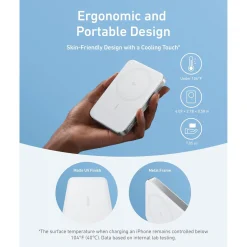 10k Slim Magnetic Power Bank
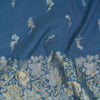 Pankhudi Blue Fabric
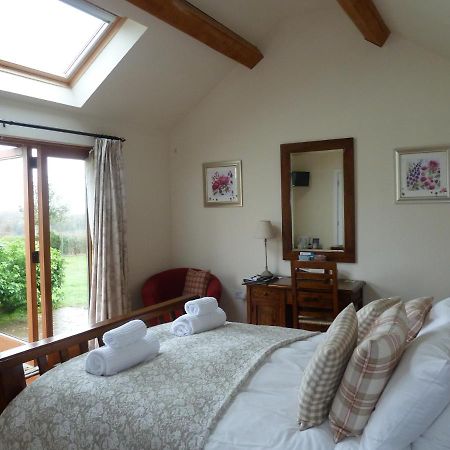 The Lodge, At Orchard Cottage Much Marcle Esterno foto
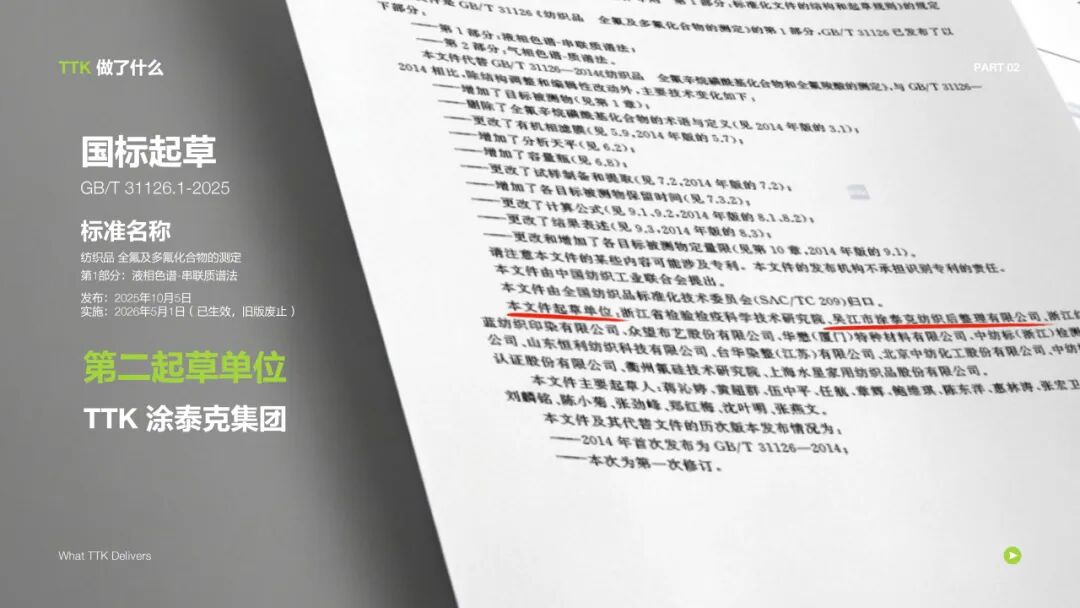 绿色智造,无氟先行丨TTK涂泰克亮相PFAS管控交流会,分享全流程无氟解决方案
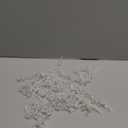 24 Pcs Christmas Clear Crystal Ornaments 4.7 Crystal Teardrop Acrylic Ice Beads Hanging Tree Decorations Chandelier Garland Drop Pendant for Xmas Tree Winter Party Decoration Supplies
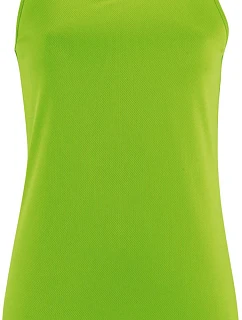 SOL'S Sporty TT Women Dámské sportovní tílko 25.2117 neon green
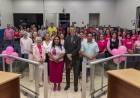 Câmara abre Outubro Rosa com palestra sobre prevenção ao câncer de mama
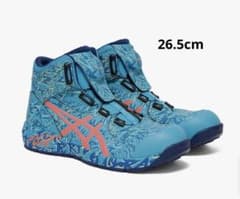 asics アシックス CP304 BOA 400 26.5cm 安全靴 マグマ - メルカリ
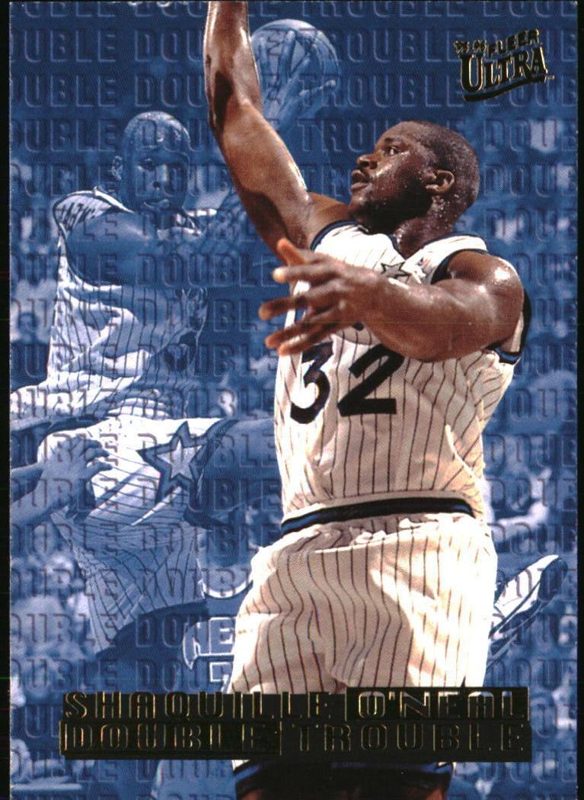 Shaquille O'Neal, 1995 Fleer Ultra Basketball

*****

#### What you will do
Return the entries unchanged, save for the pictures, which do not belong in the copy.

#### Exercise output
 10k Slim Magnetic Power Bank
 Pankhudi Blue Fabric
 The Lodge, At Orchard Cottage Much Marcle Esterno foto
 绿色智造,无氟先行丨TTK涂泰克亮相PFAS管控交流会,分享全流程无氟解决方案
 24 Pcs Christmas Clear Crystal Ornaments 4.7 Crystal Teardrop Acrylic Ice Beads Hanging Tree Decorations Chandelier Garland Drop Pendant for Xmas Tree Winter Party Decoration Supplies
 SOL'S Sporty TT Women Dámské sportovní tílko 25.2117 neon green
 Câmara abre Outubro Rosa com palestra sobre prevenção ao câncer de mama
 asics アシックス CP304 BOA 400 26.5cm 安全靴 マグマ - メルカリ
 Shaquille O'Neal, 1995 Fleer Ultra Basketball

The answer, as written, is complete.